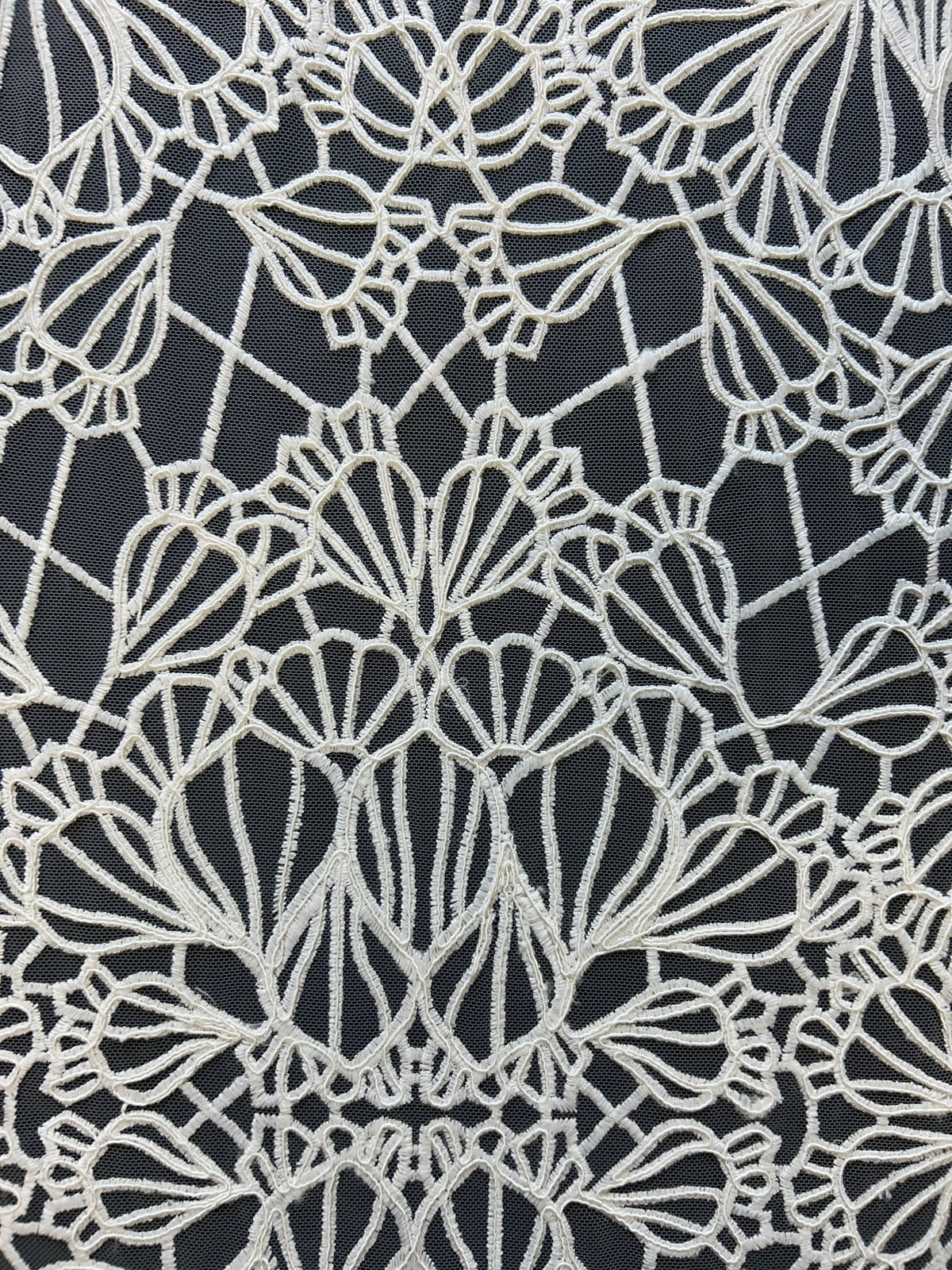 Dentelle Brodée Ivoire - Daria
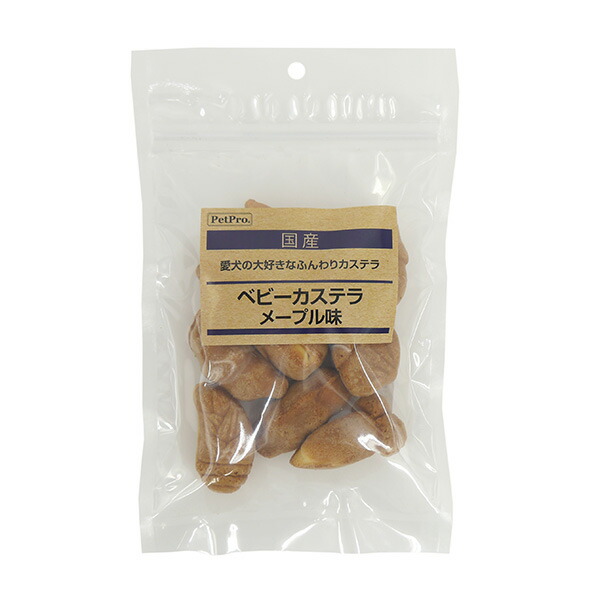 ペットプロジャパン ペットプロ 国産おやつ ベビーカステラ メープル味 70g 4981528342048
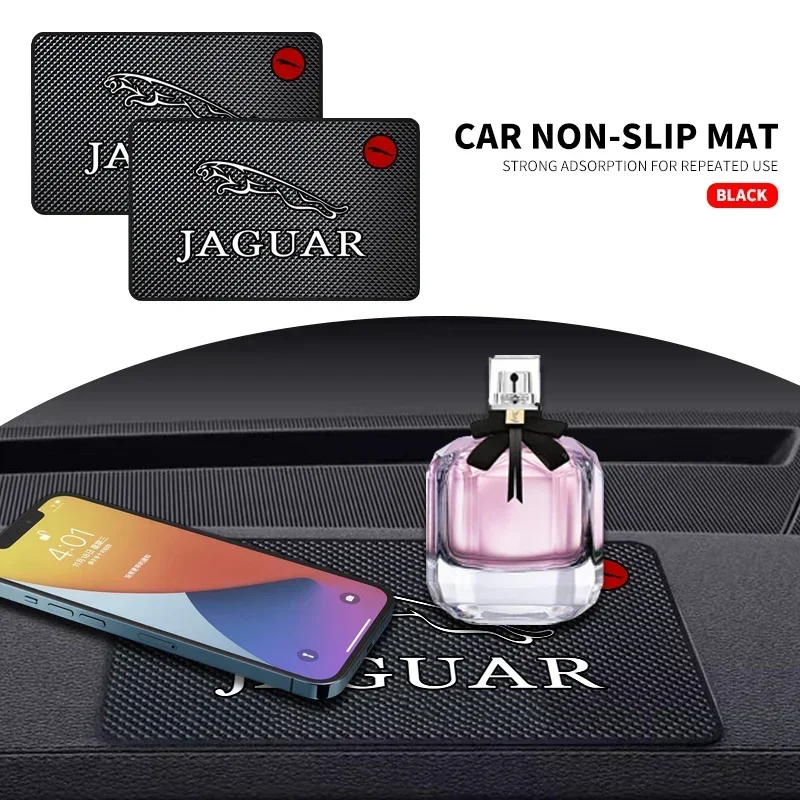 

Противоскользящий коврик для приборной панели автомобиля, держатель для телефона, силиконовый нескользящий коврик для Jaguar X-TYPE F-TYPE S-TYPE XE XF XJ XK XJR XFR XJS XJL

**Requirement**
When you copy the listing, keep every line exactly as it is but leave out all images.

**Solution**
 Dentelle Brodée Ivoire - Daria
 ペットプロジャパン ペットプロ 国産おやつ ベビーカステラ メープル味 70g 4981528342048

Противоскользящий коврик для приборной панели автомобиля, держатель для телефона, силиконовый нескользящий коврик для Jaguar X-TYPE F-TYPE S-TYPE XE XF XJ XK XJR XFR XJS XJL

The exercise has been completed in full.